Dessous de l'affiche et dessous de l'histoire. Sombres dessous des cartes, astucieux dessous du théâtre. Sales dessous des affaires honorables et dessous gribouillés des toiles les plus pures.
Dessous-de-table. Dessous de tapis où s'amoncelle la poussière. Beaux dessous de l'orchestre, où tremble l'appel des hautbois, le cri d'enfant des clarinettes, le clair soupir des flûtes.
Tous ces dessous des choses... De quoi ruiner des mondes. De quoi dégringoler au trente-sixième dessous. De quoi s'émerveiller aussi parfois, et sourire au-dessous de l'échelle.
Mais que sait-on de ce qu'on a cru voir tant qu'on n'a pas regardé en-dessous ?
Ainsi, il y a presque deux semaines, je vous ai montré ce grand pan de carton ensoleillé qui nous disait si joliment : " Sourissez à la vie ".

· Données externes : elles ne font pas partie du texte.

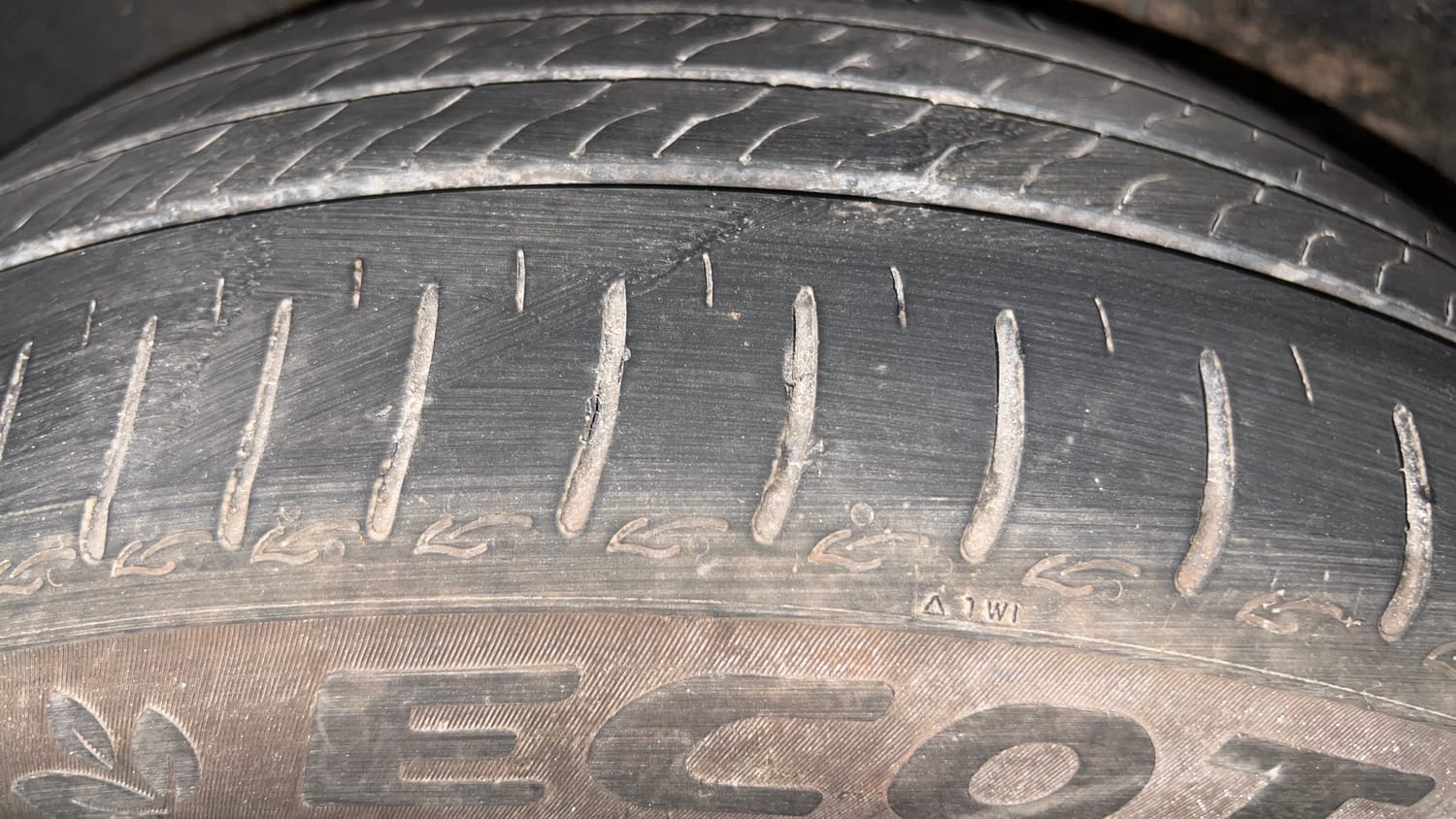 Used 2023 Tata Altroz XZ Diesel Diesel Manual tyres RIGHT REAR TYRE TREAD VIEW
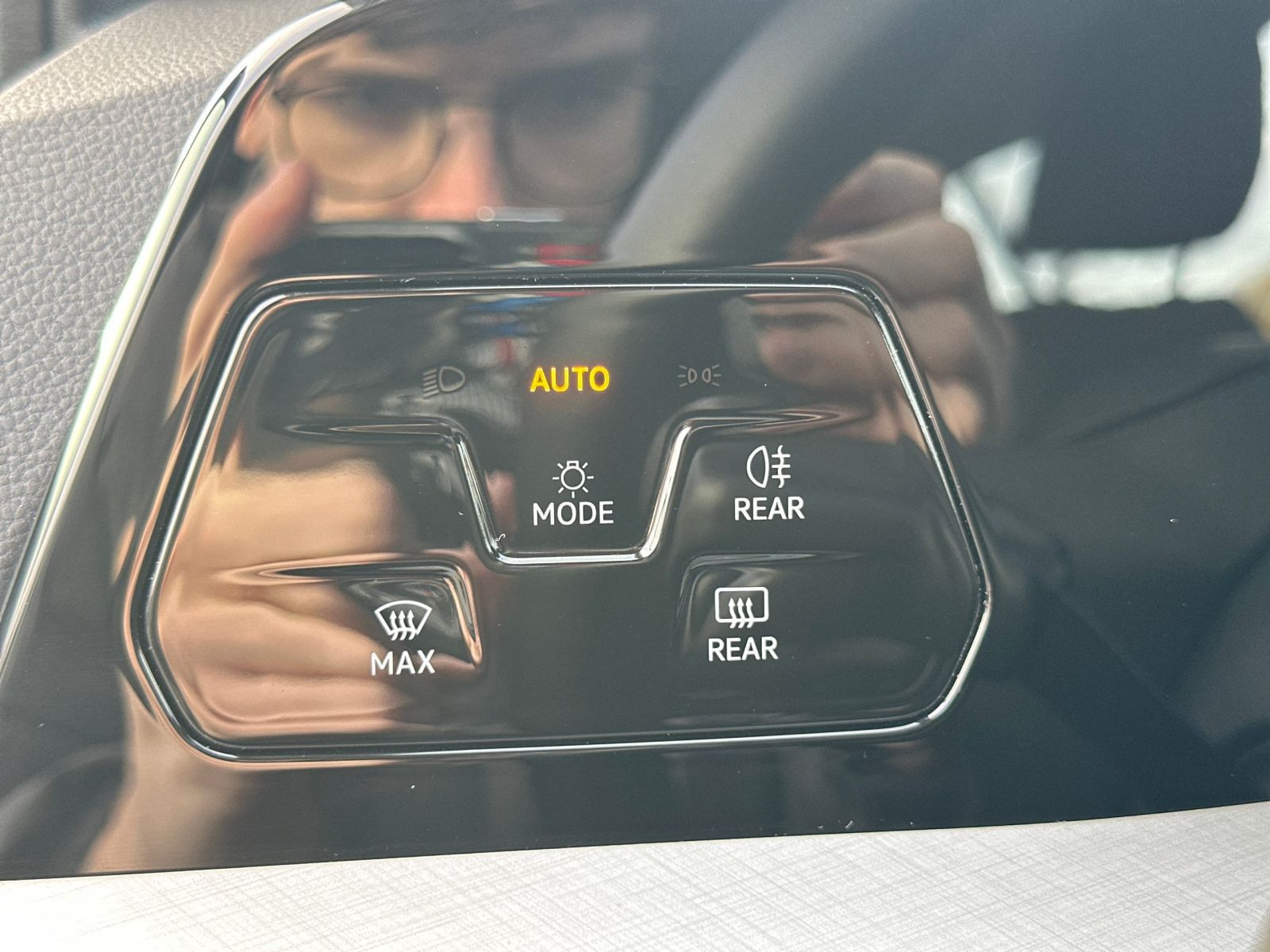 Volkswagen - Golf_18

Je suis tombée de très haut tout à l'heure quand j'ai regardé en-dessous, car il était toujours au même endroit, juste posé un peu plus haut, sur d'autres parois de carton, et il servait de toit, par cette fin d'après-midi grise et glaciale, à un SDF - comme on dit aujourd'hui où tout doit prendre une apparence rationnelle et moderne, tout, même la monstruosité qui veut que tant d'humains soient privés de logis sur cette terre qui appartient à tous.
L'homme couché sous le sourissant carton s'était tout simplement bâti une hutte avec les déchets de la ville, comme ses ancêtres se seraient fait une cabane de rondins ou de boue, et il avait posé là son sac et son duvet, pour résister au froid.
La nuit tombait. Des étudiants des beaux-arts qui sortaient de leurs cours bavardaient avec lui, lui offraient des cigarettes, des gâteaux et des livres. Sans doute les mêmes qui avaient écrit et dessiné sur son toit, l'autre jour, ce message qui probablement lui était déjà destiné...
Moi, j'étais stupéfaite... j'avais découvert les dessous de mon beau carton : une immense misère et beaucoup de douceur, un homme replié sur lui-même comme une souris tremblante, et la bonne chaleur d'une jeunesse encore tendre et joyeuse.
La vie, en somme, telle qu'elle va aujourd'hui, barre dessous, par ce temps de gros vent où l'on sourisse comme on peut, sous la tempête et sous la vague, pour ne pas se noyer.